The stock fell 9.66% to $226.11 a share Tuesday. 

Adjusted earnings per share came in at $1.05 for its quarter ended October, beating analysts estimates of $1.03. Revenue was $771.9 million, beating Wall Street estimates of $768 million and growing 18% year-over-year.

However, management slightly reduced its full year fiscal 2020 revenue guidance, forecasting revenue of between $3.44 billion and $3.48 billion, just below its previous forecast of between $3.45 billion and $3.48 billion. Adjusted EPS is expected in the range of $4.90 to $5.00, lower than the initial forecast of between $5 and $5.10. 

Here's what analysts said:

Morgan Stanley, Overweight, Price Target Unchanged $290

"Growth in the next generation cloud platforms well exceeded consensus expectations in Q1, but a shortfall in core firewall revenue likely opens questions on the solidity of that foundation for growth. We see the issue as execution-related and transitory, thus we would be buyers on weakness. Product revenues of $231 million, down 4% year-over-year and $35 million below consensus expectations likely sparks investor questions on the solidity of the core firewall growth, which underpins Palo Alto Networks' path to $6 billion in total billings by fiscal year 2023.

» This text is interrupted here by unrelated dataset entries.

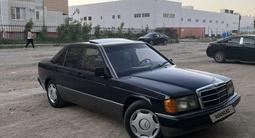 Mercedes-Benz 190 1991 годаүшін1 800 000 тг. в Актобе – фото 2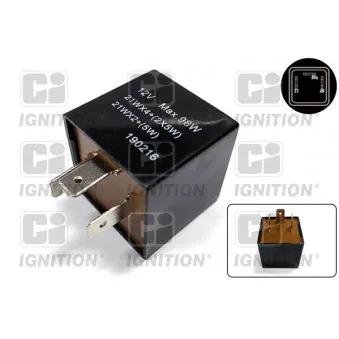 Centrale clignotante QUINTON HAZELL XFL120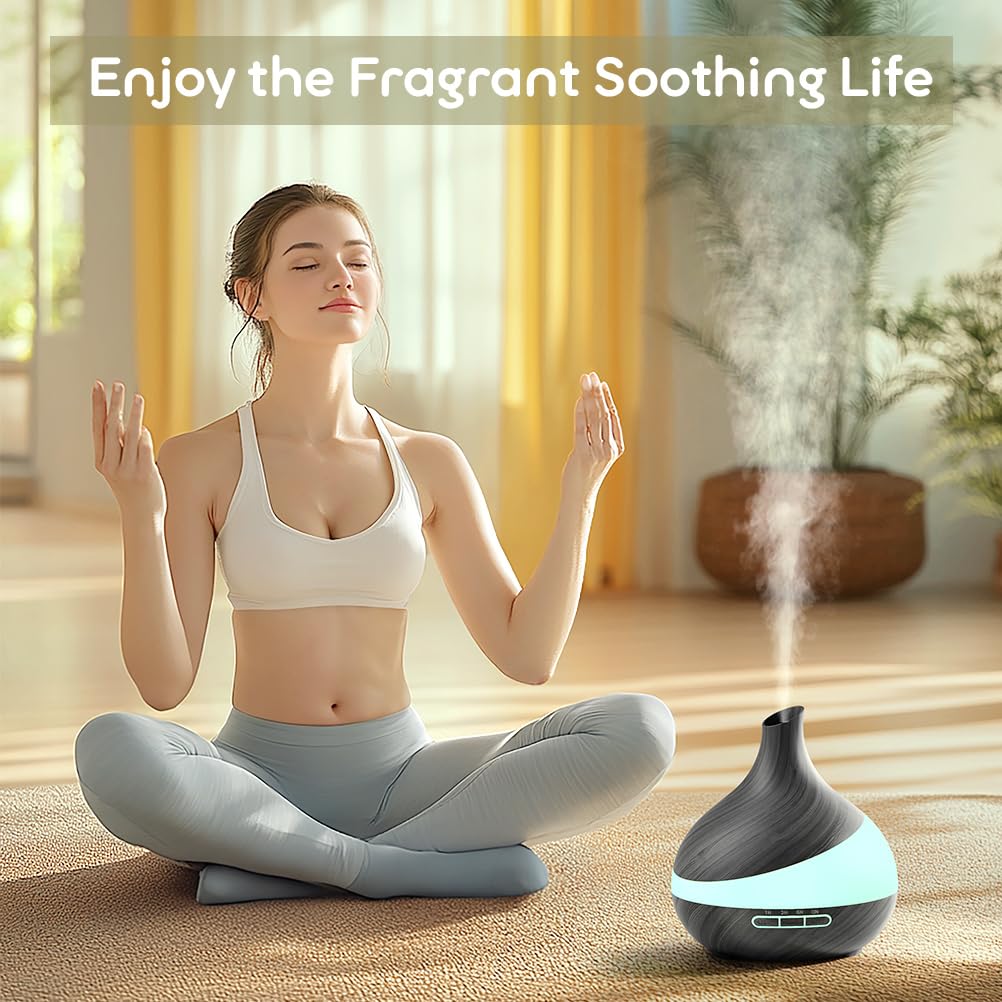 HJTHJT diffuser remote control for convenient operation from a distance.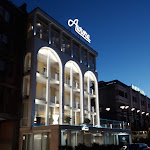 Photo n°1 de l'avis de Miriam.a fait le 10/02/2019 à 18:51 sur le  Hotel Aurora Terme à Abano Terme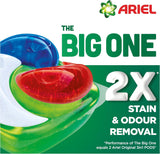 Ariel The Big One Original 35 Pods 1270.5G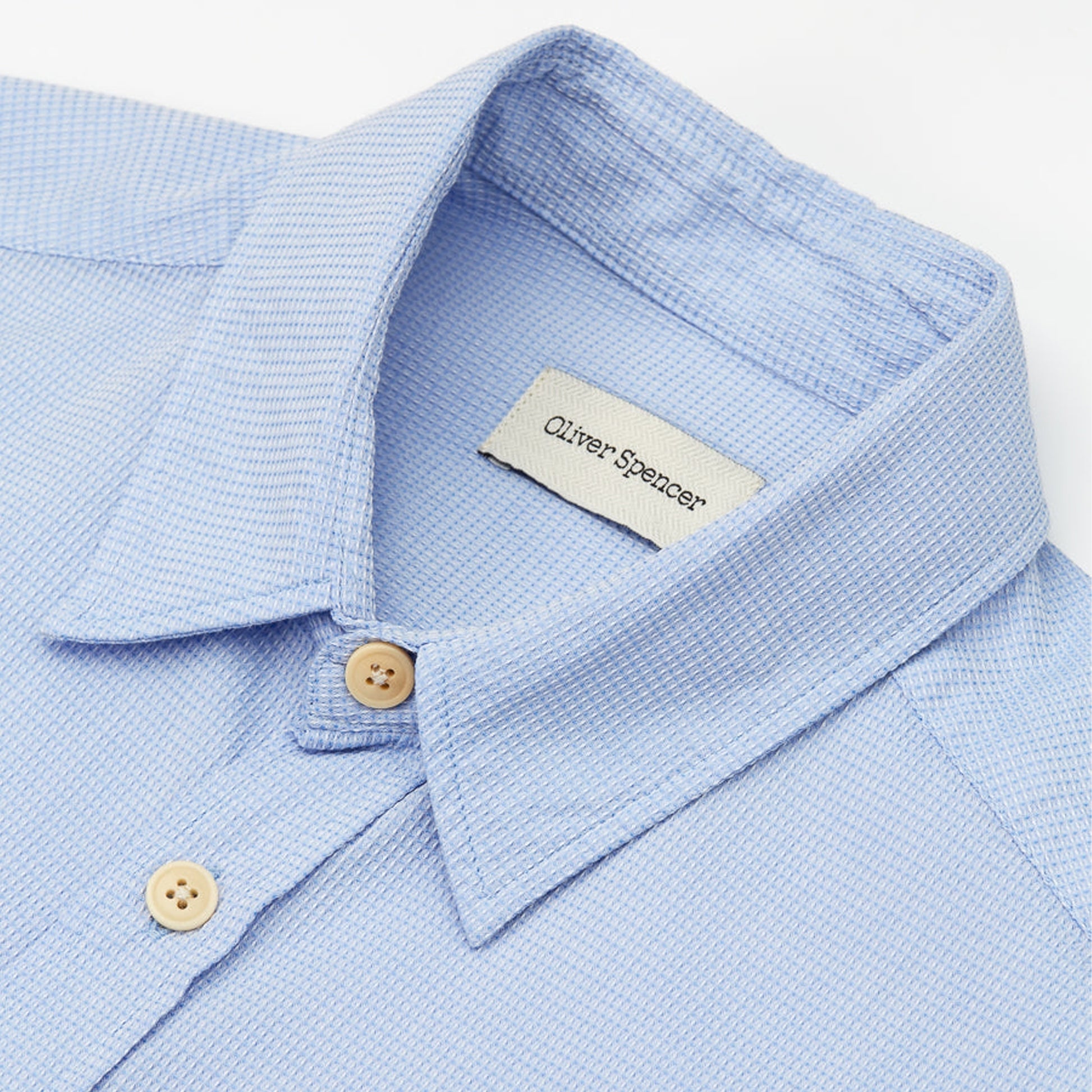 Oliver New York Special Shirt - Marcus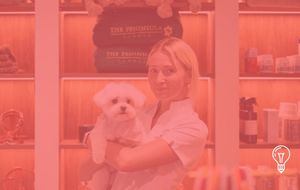 The Peninsula London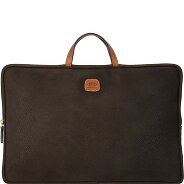 Bric's Life aktetas 42 cm laptopvak Productbeeld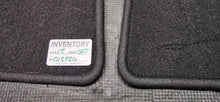 Load image into Gallery viewer, 2011-2014 Mustang Floor Mats Front Only OEM
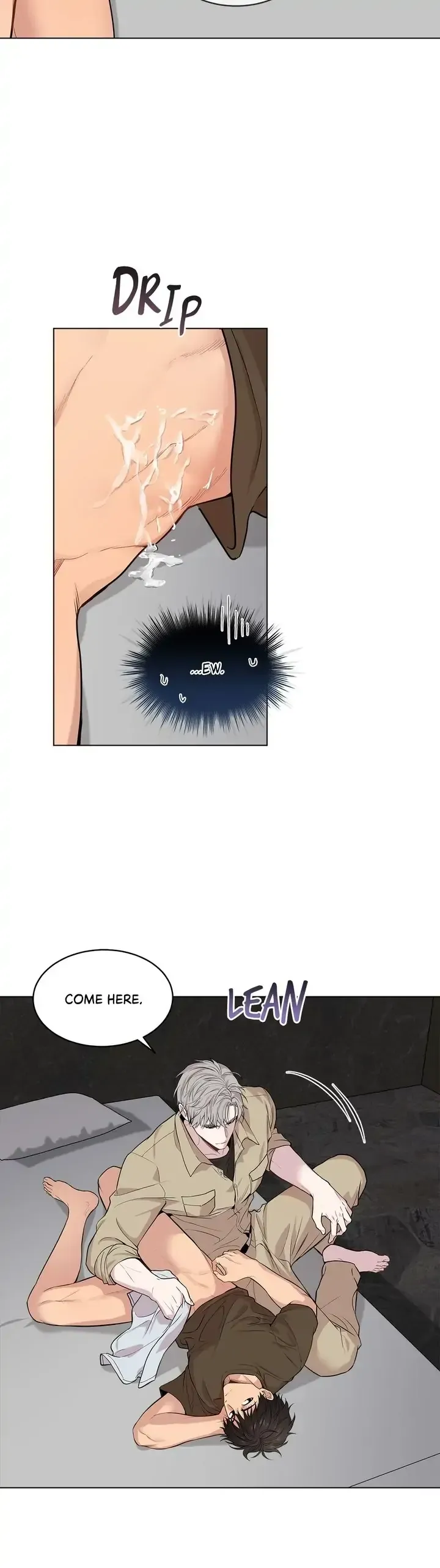 Passion Chapter 33 Online - página 25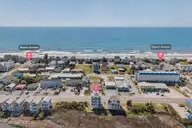 321 N New River Drive, Surf City, NC 28445 — 6-bedroom waterfront home, Surf City, NC, photo 7 of 73: 321NNewRIverDrive-66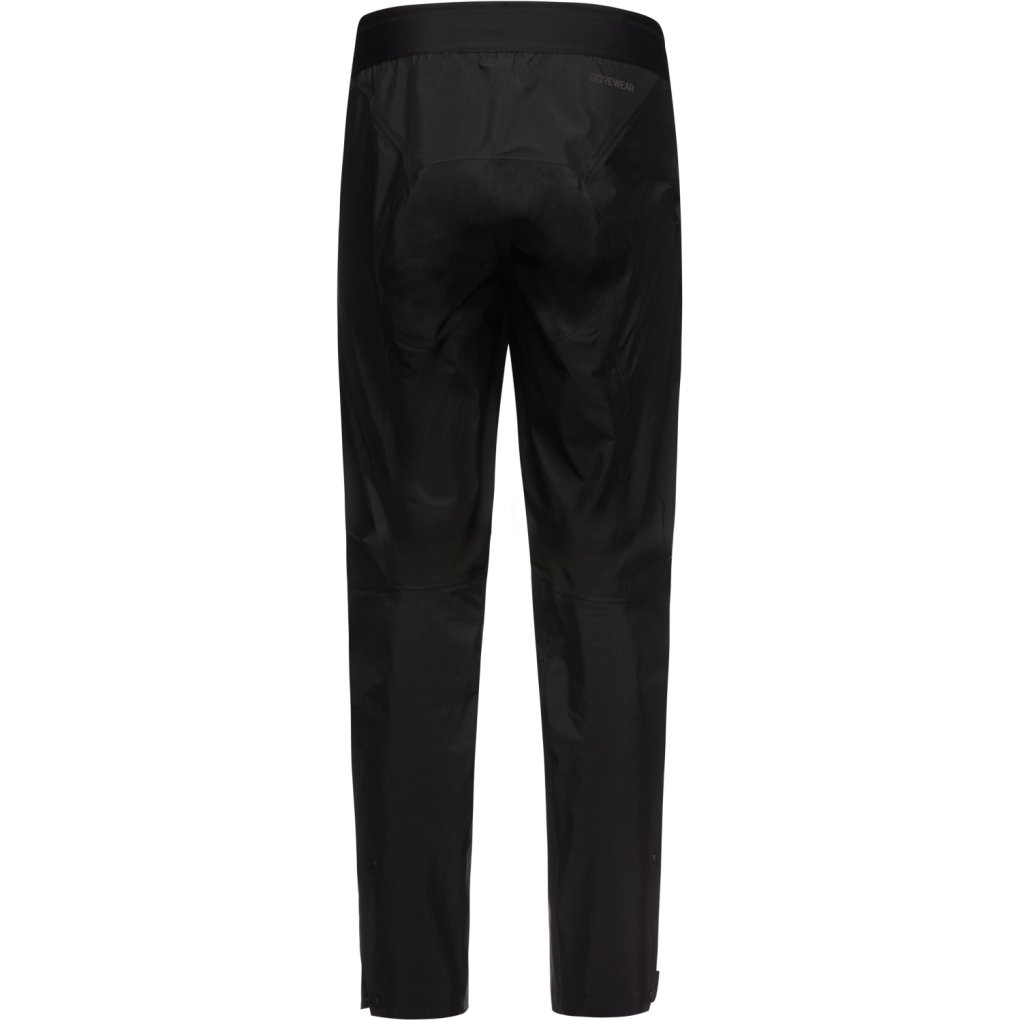 GOREWEAR Lupra GORE-TEX Pants Men - black 9900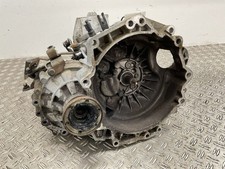 Cambio 5-Gang Dsb VW Golf 1.4 1 J 55 Kw 75 Ps Berlina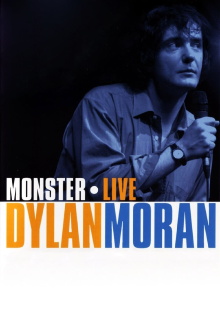 Dylan Moran: Monster Trailer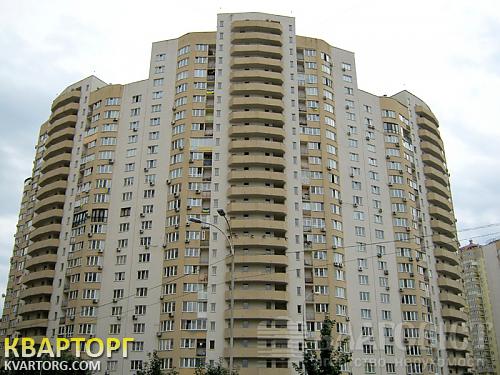 Sell 3-room apartment. Киев, Урловская — photo 1
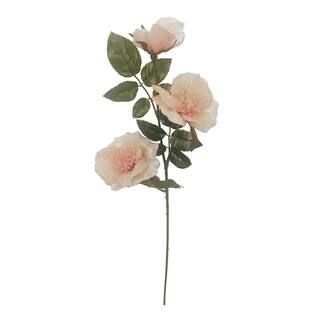 Blush Beaded Rose Spray by Ashland® | Michaels Stores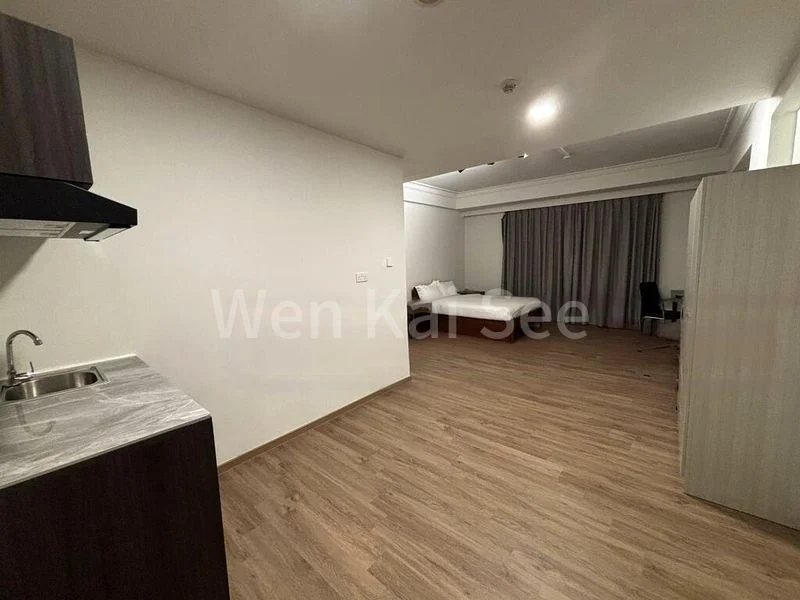 1 Bed Apartment (Condo) for Rent in  Cherryloft - Image 14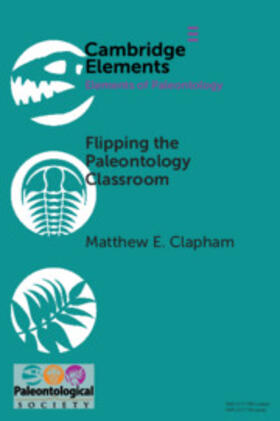 Clapham |  Flipping the Paleontology Classroom | Buch |  Sack Fachmedien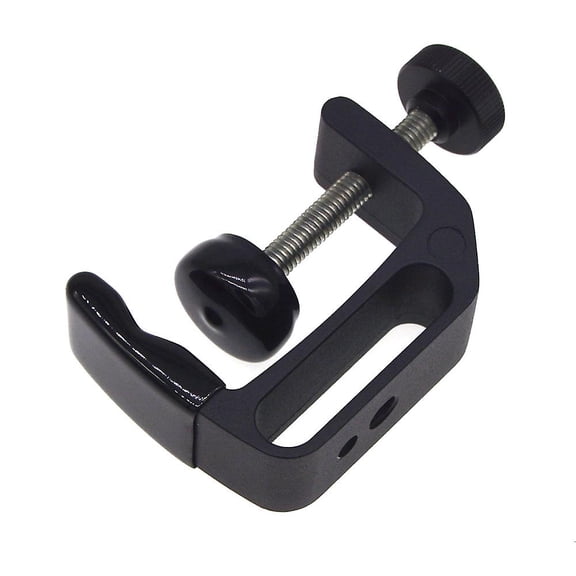 Universal C-Clamp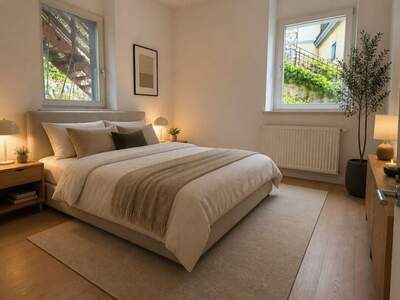 Altbauwohnung kaufen in 6020 Hötting (Bild 5)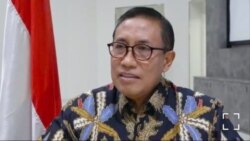 Abdul Kadir, PLT Dirjen Pelayanan Kesehatan, Kemenkes. (Foto: Kemenkes)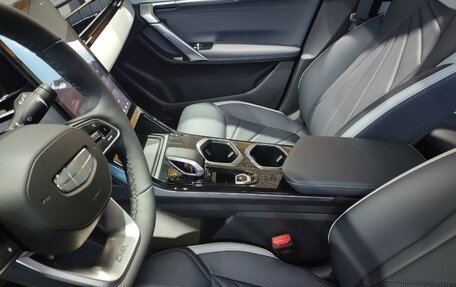 Geely Atlas, 2025 год, 3 449 990 рублей, 7 фотография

Management explained the shortfall as an unintended consequence of more heavily weighting sales incentives towards the next generation cloud portfolio. While successfully spurring a high level of interest and excitement amongst the sales force for the newer cloud solutions, the pipelines for core firewalls fell short heading into 2020. The weak Q1 results represent an execution misstep -- not a fundamental flaw in the company's strategy." 

- Keith Weiss

Goldman Sachs, Buy, Price Target Raised to $297 From $295

"While a shift in sales incentives appears to have driven a greater focus on next-gen sales over Palo Alto's core firewall business, we believe the normalization of sales incentives will help product revenue growth return to better levels. We remain encouraged by better than expected performance from Prisma and Cortex, and believe exposure to emerging growth segments, contribution from acquisitions, and improving sales force productivity can drive better growth throughout the remainder of the year. We revise our EPS estimates to $4.98, $6.80, [and] $8.24 from $5.07, $6.78, and $8.22 (fiscal year 2020, 2021, and 2022) based on the outlook." 

- Brian Essex

Baird, Outperform, Price Target Unchanged $275

"Overall, a healthy 1Q 2020 report; however, moving parts and acquisition-related dilution may drive some near-term concern, especially in light of recent share performance. Fundamentally, we see Palo Alto continuing to flex its marketing muscle, taking meaningful share while defining the long-term strategic vision. Product revenue of $231.2 million (-4% year-over-year) versus consensus expectations for $256 million. Management believes enhanced incentives moving forward can re-accelerate firewall platform from 11% billings growth in the quarter to the 3-year compound annual growth rate target of 23%. We believe the company's new Secure SD-WAN application and the implementation of these new incentives will be important to achieving this growth." 

- Jonathan Ruykhaver

Wedbush Securities, Outperform, Price Target Unchanged $275

"After a rah-rah analyst day in September with strong 3-year growth targets given around PANW's cloud platform strategy, the Street will naturally be disappointed in a weak product performance out of the gates as the platform approach with customers hit a speed bump which we believe was partially execution driven. While importantly the underlying metrics around billings, pipeline, and fiscal year 2020 guidance were strong and a positive for the bulls, it's clear to us and reiterates our thesis that this cloud platform transition will not happen overnight. A platform approach and serial cloud acquisition strategy under Nikesh & Co [CEO, Nikesh Arora] is the right long term strategy to get PANW onto its next phase of cloud growth, but it will take time for customers and the sales force to adopt this product strategy."